To avoid race conditions, you can use thread synchronization mechanisms such as locks. The following example demonstrates using a lock to protect a shared resource:

python
import threading

counter = 0
counter_lock = threading.Lock()

def increment_counter():
    global counter
    with counter_lock:
        counter += 1

threads = [threading.Thread(target=increment_counter) for _ in range(100)]

for thread in threads:
    thread.start()

for thread in threads:
    thread.join()

print(f"Counter value: {counter}")

Daemon Threads

Daemon threads are background threads that automatically terminate when the main program exits. To create a daemon thread, set the daemon attribute to True:

python
daemon_thread = threading.Thread(target=some_function, daemon=True)
daemon_thread.start()

Thread Communication

Threads can communicate using shared data structures or by using higher-level synchronization objects like Queue:

python
import threading
import queue

def worker(q):
    while True:
        item = q.get()
        if item is None:
            break
        print(f"Processing: {item}")
        q.task_done()

work_queue = queue.Queue()

for i in range(10):
    work_queue.put(i)

worker_thread = threading.Thread(target=worker, args=(work_queue,))
worker_thread.start()

work_queue.join()
work_queue.put(None)
worker_thread.join()

Multiprocessing Module

The multiprocessing module provides support for parallelism using processes.

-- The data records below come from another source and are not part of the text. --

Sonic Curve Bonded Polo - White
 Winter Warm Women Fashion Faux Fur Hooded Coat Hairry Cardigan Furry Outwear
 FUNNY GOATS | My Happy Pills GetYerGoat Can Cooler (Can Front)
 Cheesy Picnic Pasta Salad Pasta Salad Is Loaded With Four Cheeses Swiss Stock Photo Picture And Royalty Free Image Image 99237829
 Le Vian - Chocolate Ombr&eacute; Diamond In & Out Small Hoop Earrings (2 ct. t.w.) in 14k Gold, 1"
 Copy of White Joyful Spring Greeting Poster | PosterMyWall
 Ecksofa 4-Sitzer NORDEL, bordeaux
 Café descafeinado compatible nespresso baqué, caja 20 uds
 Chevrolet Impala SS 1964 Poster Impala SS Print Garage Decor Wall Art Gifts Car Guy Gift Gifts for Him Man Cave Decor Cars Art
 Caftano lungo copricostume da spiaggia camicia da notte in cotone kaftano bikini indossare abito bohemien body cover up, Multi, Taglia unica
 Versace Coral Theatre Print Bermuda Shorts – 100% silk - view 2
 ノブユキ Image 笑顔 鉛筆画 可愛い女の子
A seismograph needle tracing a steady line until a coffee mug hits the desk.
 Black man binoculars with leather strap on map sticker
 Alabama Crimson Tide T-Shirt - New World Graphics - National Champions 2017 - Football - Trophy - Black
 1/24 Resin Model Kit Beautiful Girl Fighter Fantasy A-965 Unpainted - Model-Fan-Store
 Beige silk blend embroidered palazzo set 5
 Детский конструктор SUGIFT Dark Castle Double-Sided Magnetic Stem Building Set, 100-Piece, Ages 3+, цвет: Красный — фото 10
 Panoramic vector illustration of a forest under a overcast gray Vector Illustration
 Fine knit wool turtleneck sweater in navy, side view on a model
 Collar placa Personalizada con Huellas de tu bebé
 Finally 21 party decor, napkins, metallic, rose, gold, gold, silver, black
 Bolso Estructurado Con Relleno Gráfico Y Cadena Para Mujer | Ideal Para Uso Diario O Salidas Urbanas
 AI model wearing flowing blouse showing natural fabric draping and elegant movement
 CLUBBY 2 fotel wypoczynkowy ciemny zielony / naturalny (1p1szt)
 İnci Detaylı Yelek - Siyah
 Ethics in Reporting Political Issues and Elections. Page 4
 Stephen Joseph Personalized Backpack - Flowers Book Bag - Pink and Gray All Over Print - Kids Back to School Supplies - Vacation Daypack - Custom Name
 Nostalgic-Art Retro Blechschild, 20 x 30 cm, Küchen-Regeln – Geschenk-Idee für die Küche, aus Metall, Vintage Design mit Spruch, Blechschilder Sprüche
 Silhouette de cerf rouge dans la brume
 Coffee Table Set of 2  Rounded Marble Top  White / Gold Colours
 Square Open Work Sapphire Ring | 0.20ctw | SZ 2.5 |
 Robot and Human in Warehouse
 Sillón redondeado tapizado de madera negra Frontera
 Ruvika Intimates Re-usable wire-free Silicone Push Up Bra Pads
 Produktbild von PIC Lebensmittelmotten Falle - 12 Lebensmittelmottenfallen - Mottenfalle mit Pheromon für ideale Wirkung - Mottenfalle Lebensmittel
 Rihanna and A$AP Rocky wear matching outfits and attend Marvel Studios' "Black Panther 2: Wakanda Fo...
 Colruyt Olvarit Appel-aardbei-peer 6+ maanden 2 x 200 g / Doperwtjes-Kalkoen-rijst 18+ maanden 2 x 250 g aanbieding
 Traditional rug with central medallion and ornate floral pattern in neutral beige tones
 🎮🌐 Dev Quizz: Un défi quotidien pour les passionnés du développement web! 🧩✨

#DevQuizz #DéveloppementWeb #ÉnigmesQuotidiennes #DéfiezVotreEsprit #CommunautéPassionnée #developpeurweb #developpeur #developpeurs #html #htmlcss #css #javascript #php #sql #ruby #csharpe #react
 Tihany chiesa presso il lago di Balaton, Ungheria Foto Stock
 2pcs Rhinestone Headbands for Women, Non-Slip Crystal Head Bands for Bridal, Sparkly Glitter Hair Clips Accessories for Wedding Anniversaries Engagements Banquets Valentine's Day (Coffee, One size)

It's suitable for CPU-bound tasks, as processes can run in separate memory spaces and take full advantage of multiple CPU cores.

Creating Processes

To create a process, use the Process class from the multiprocessing module:

python
import multiprocessing

def square(x):
    print(f"{x} squared is {x*x}")

processes = [multiprocessing.Process(target=square, args=(i,)) for i in range(5)]

for process in processes:
    process.start()

for process in processes:
    process.join()

print("All processes are done.")

Process Synchronization

You can use synchronization primitives like Lock and Semaphore from the multiprocessing module to protect shared resources:

python
import multiprocessing

counter = multiprocessing.Value('i', 0)
counter_lock = multiprocessing.Lock()

def increment_counter(counter, counter_lock):
    with counter_lock:
        counter.value += 1

processes = [multiprocessing.Process(target=increment_counter, args=(counter, counter_lock)) for _ in range(100)]

for process in processes:
    process.start()

for process in processes:
    process.join()

print(f"Counter value: {counter.value}")

Inter-Process Communication

You can use Pipe or Queue from the multiprocessing module for inter-process communication:

python
import multiprocessing

def square(x, output_queue):
    output_queue.put(x * x)

input_data = [1, 2, 3, 4, 5]
output_queue = multiprocessing.Queue()

processes = [multiprocessing.Process(target=square, args=(i, output_queue)) for i in input_data]

for process in processes:
    process.start()

for process in processes:
    process.join()

while not output_queue.empty():
    print(f"Squared value: {output_queue.get()}")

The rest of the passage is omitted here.